### Material for this task
⟨

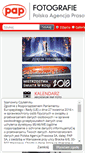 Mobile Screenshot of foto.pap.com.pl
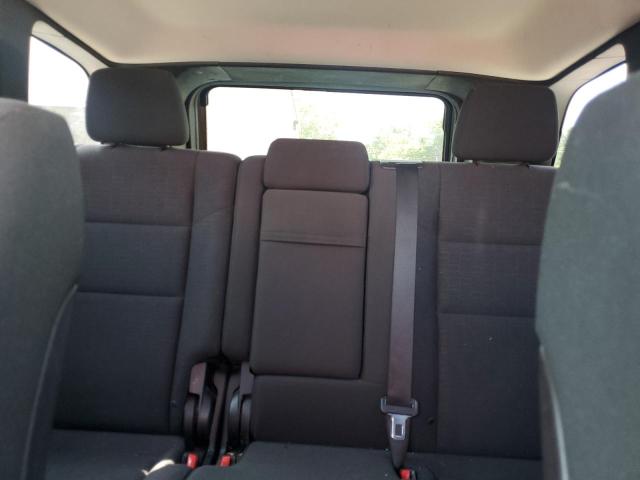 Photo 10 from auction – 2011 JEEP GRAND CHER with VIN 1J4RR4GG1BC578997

⟩
⟨

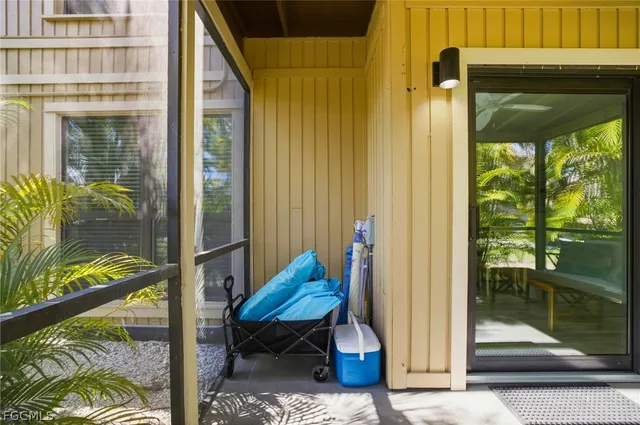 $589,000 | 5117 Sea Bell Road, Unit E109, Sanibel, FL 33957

⟩
⟨

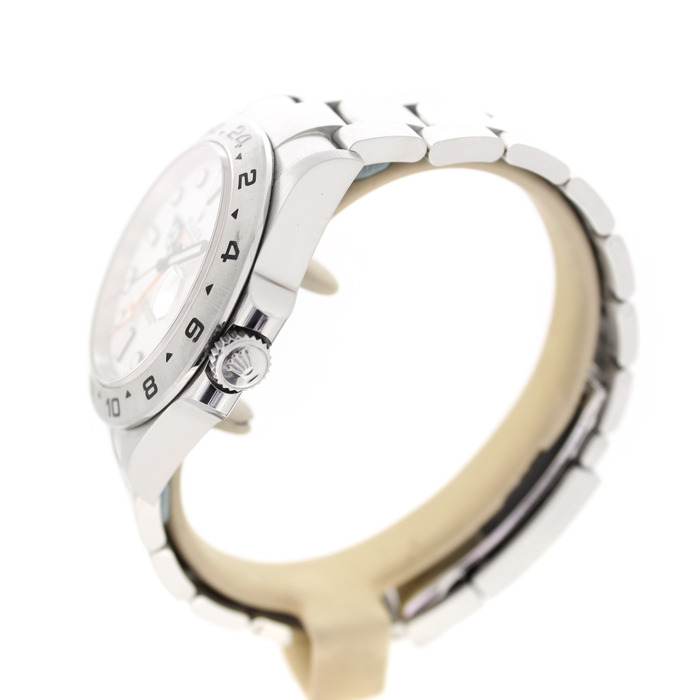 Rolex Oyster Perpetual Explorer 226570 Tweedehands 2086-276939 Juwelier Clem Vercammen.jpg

⟩

### Task item
Retype the lines above exactly as they appear, from the line containing "Mobile Screenshot of foto.pap.com.pl" through the line containing "Photo 10 from", and leave out any pictures.

### Answer space
 Mobile Screenshot of foto.pap.com.pl
 Photo 10 from auction – 2011 JEEP GRAND CHER with VIN 1J4RR4GG1BC578997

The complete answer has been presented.